(Data to use begins)

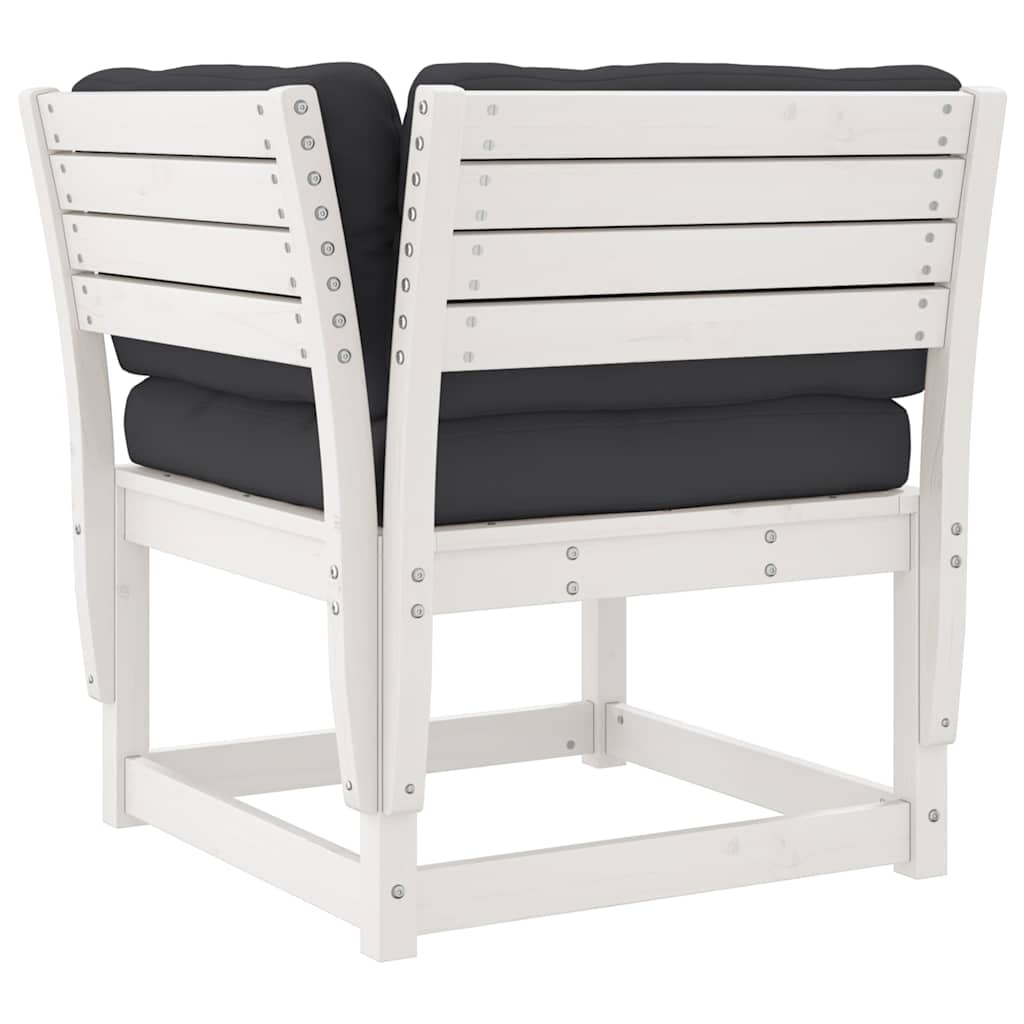Set Salotto Giardino 8pz con Cuscini Bianco Legno Massello Pino | homemem39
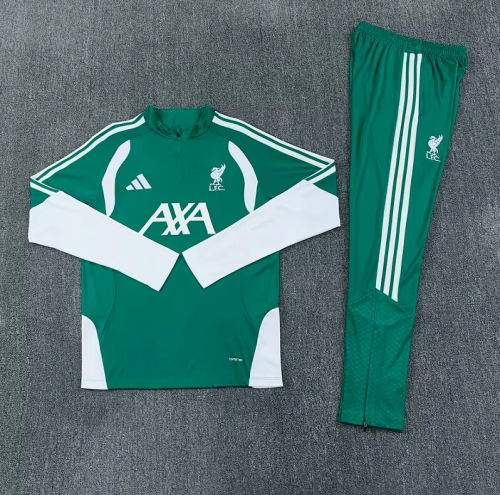 2026-2027 Liverpool Green/White Soccer Training Sweater and Pants Football Kit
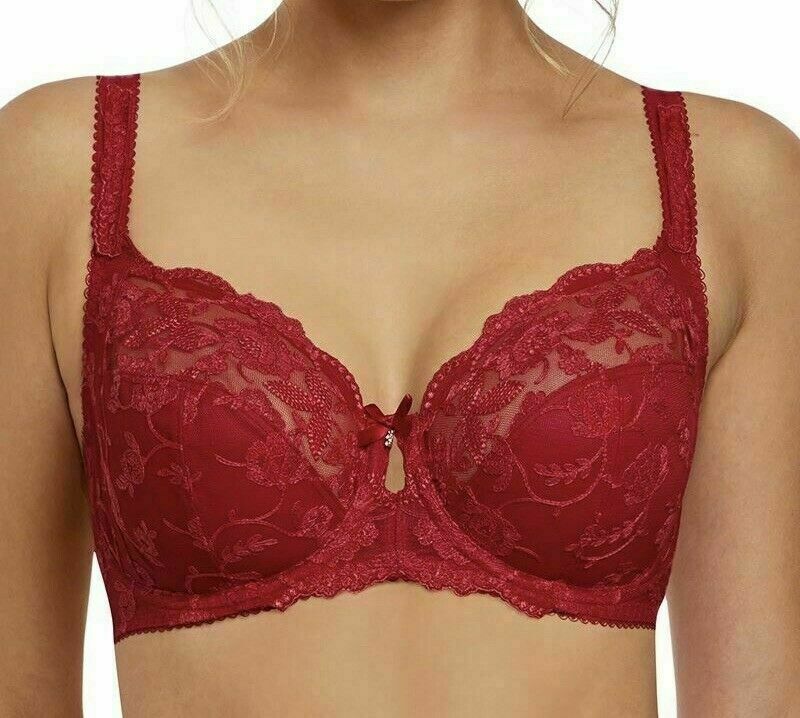 Sujetador Fantasie Sienna Rojo Encaje Talla 34E Con Aros Soporte Lateral Cobertura Completa 2672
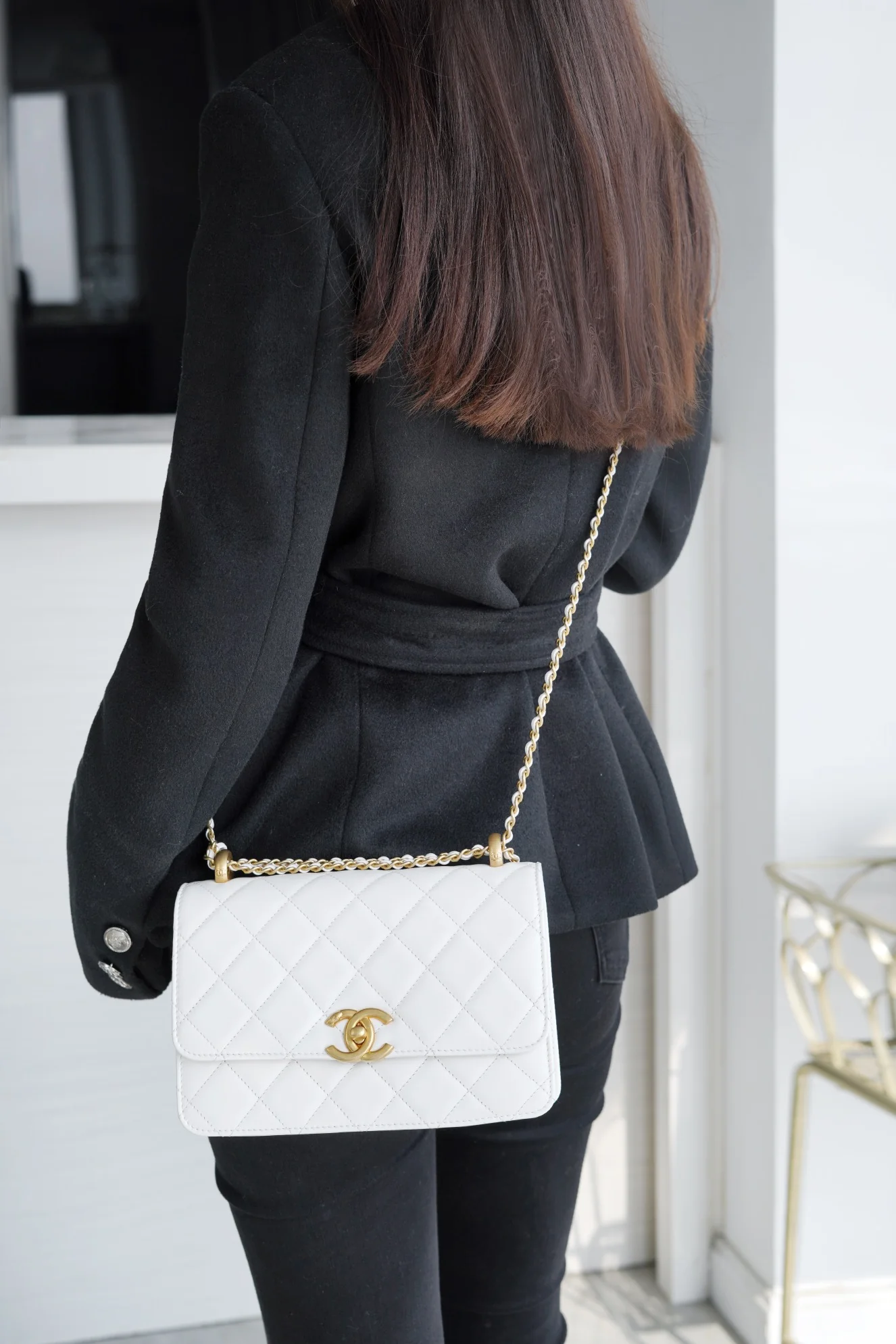 Chanel 24c Double Gold Ball CF Mini 19 White 1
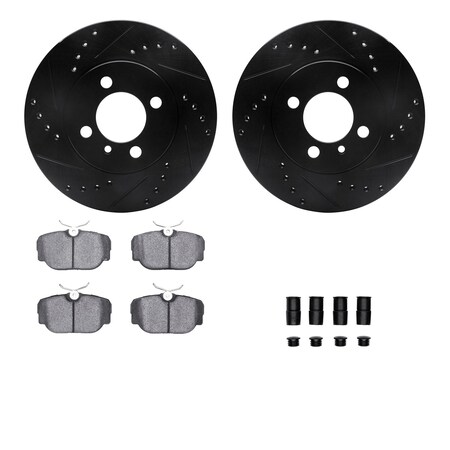 Dynamic Friction Co DFC Rotors-Drilled & Slotted-Black w/ EURO 5000 Ceramic Brake Pads Incl Hdw 8612-31014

(Data to use ends)

Problem description
All lines from the one containing "Sujetador Fantasie Sienna" through the end of the data are to be written out exactly, with nothing added; skip the pictures.

Task answer
 Sujetador Fantasie Sienna Rojo Encaje Talla 34E Con Aros Soporte Lateral Cobertura Completa 2672
 Chanel 24c Double Gold Ball CF Mini 19 White 1
 Dynamic Friction Co DFC Rotors-Drilled & Slotted-Black w/ EURO 5000 Ceramic Brake Pads Incl Hdw 8612-31014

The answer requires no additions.